American baseball player (born 1995)

Jordan Ladon Sheffield (born June 1, 1995) is an American former professional baseball pitcher who currently serves as an assistant coach for the Vanderbilt Commodores of the National Collegiate Athletic Association (NCAA). He played college baseball at Vanderbilt, and played in Major League Baseball (MLB) for the Colorado Rockies.

==Playing career==
===Amateur career===
Sheffield attended Tullahoma High School in Tullahoma, Tennessee. Before graduating, it was discovered that he needed Tommy John surgery, which caused him to fall in the Major League Baseball draft. He was selected by the Boston Red Sox in the 13th round of the 2013 Major League Baseball draft, but did not sign and chose to attend Vanderbilt University. After sitting out the 2014 season recovering from surgery, Sheffield made 6 starts and 16 relief appearances for Vanderbilt in 2015. In 60 total innings, he would post a 5–2 win–loss record, 2.85 earned run average (ERA), and 55 strikeouts. After the 2015 season, he played collegiate summer baseball with the Brewster Whitecaps of the Cape Cod Baseball League. Sheffield made 16 starts in the 2016 season, and pitched to an 8–6 record, 3.01 ERA, and 113 strikeouts in 101 2/3 innings.

===Los Angeles Dodgers===
Heading into the 2016 Major League Baseball draft, Sheffield was ranked as one of the top available players by MLB, and he was drafted by the Los Angeles Dodgers in the first round (36th pick). He announced on June 25 that he had signed with the Dodgers. Sheffield made one start for the rookie-level Arizona League Dodgers and seven for the Single-A Great Lakes Loons. He was 0–1 with a 3.75 ERA in 12 innings.

Sheffield returned to Great Lakes to start the 2017 season, where he made 20 starts and was 3–7 with a 5.04 ERA. He was promoted to the Rancho Cucamonga Quakes of the California League at the end of the season, where he made four starts and one relief appearance and was 0–2 with an 8.00 ERA. He returned to the Quakes for the 2018 season, pitching to a 1–3 record with a 6.88 ERA in 14 games, including seven starts. While playing for the Glendale Desert Dogs after the season, he was selected to the Arizona Fall League Fall Stars game.
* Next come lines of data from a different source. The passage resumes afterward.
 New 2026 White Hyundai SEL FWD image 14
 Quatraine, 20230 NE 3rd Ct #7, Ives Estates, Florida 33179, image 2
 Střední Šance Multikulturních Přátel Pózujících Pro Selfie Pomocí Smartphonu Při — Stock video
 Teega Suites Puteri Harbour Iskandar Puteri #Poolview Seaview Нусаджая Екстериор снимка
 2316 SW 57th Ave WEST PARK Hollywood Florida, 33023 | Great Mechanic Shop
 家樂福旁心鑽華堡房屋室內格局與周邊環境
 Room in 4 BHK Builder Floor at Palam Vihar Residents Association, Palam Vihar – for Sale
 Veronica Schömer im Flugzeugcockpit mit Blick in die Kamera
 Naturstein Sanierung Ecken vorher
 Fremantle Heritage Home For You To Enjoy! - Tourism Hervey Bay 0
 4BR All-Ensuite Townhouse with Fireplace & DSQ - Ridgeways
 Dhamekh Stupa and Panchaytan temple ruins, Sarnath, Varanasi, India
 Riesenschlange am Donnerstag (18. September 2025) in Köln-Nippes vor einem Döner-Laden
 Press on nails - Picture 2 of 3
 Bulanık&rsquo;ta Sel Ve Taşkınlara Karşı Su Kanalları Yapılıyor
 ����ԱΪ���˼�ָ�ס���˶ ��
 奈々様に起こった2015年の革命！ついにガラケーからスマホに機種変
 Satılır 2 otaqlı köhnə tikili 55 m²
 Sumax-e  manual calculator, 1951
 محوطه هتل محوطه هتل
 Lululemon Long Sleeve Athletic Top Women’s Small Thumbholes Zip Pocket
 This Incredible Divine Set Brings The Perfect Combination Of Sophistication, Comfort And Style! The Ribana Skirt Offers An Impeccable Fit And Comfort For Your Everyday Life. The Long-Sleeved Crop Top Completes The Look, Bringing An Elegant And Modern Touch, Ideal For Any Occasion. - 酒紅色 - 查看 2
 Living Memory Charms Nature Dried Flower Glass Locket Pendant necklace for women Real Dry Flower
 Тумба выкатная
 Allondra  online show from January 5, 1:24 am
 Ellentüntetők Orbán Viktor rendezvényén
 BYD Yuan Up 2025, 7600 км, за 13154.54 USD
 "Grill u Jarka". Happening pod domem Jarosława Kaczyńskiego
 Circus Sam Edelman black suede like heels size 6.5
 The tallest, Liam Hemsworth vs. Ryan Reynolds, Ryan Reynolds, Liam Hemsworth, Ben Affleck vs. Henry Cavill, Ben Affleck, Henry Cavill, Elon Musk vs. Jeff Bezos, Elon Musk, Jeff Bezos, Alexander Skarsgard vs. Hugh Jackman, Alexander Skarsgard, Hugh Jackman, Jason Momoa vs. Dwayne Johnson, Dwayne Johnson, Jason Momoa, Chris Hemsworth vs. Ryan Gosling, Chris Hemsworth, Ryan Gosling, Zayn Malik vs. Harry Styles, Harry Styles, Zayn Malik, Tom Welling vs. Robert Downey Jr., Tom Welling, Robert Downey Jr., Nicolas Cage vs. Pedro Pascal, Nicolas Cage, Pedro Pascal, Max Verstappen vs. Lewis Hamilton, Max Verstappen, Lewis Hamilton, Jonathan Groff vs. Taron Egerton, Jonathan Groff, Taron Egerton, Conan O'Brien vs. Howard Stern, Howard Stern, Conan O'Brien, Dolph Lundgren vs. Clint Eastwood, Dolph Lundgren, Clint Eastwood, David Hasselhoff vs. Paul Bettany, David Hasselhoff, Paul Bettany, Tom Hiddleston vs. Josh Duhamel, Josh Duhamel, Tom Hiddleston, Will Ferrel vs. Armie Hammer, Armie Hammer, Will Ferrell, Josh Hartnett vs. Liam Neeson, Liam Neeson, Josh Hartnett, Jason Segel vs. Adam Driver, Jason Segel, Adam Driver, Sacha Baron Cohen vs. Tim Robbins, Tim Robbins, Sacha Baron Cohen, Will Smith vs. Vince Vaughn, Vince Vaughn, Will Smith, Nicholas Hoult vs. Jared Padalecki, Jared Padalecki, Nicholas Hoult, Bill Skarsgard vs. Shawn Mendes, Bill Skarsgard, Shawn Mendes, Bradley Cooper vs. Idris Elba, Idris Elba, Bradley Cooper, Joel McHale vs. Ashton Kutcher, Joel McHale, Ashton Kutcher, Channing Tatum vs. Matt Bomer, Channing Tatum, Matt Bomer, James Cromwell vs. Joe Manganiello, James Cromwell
Sheffield returned to Rancho Cucamonga to begin 2019 before being promoted to the Tulsa Drillers during the season. Between the two levels, he pitched in 49 games with a 4–5 record and 3.27 ERA with 13 saves. Sheffield did not play in a game in 2020 due to the cancellation of the minor league season because of the COVID-19 pandemic.

===Colorado Rockies===
On December 10, 2020, Sheffield was selected by the Colorado Rockies in the Rule 5 Draft. Sheffield made the Rockies' 2021 Opening Day roster. On April 2, 2021, Sheffield made his MLB debut in relief against the Los Angeles Dodgers, pitching a scoreless 9th inning. On June 20, he was placed on the 60-day injured list with a right lat strain. He ended the season with a 3.38 ERA in 30 appearances.

Sheffield pitched in only two games for Colorado in 2022, recording two scoreless innings. On August 12, 2022, Sheffield was designated for assignment. He cleared waivers and was sent outright to the Triple-A Albuquerque Isotopes on August 16. He was released on October 27.

==Coaching career==
On January 29, 2025, Sheffield was hired to serve as an assistant coach for Vanderbilt University under head coach Tim Corbin.

==Personal life==
His brother, Justus Sheffield, is also a major league pitcher. They are not related to former MLB slugger Gary Sheffield.